YOUR INSTRUCTIONS
Word for word, repeat the data that follows. Do not include the pictures.

PROVIDED MATERIAL

++++++

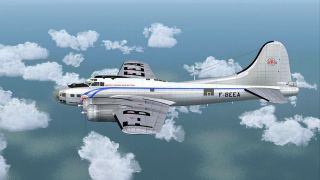 Screenshot 4 — Boeing B-17 Flying Fortress F-BEEA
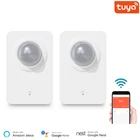 Умный Wi-Fi сенсор Tuya, устройство для обнаружения пальцев, совместимо с приложением Alexa Google Home Tuya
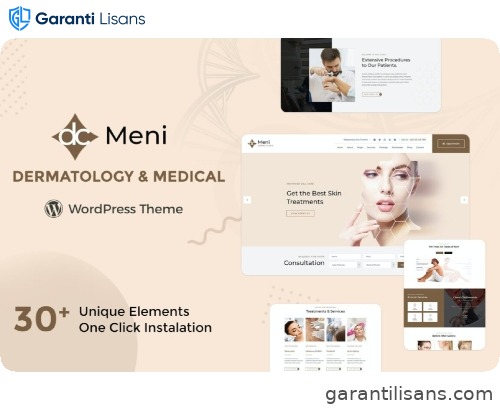 Meni – Medical Doctor Theme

++++++

SOLUTION TO THE EXERCISE
 Screenshot 4 — Boeing B-17 Flying Fortress F-BEEA
 Умный Wi-Fi сенсор Tuya, устройство для обнаружения пальцев, совместимо с приложением Alexa Google Home Tuya
 Meni – Medical Doctor Theme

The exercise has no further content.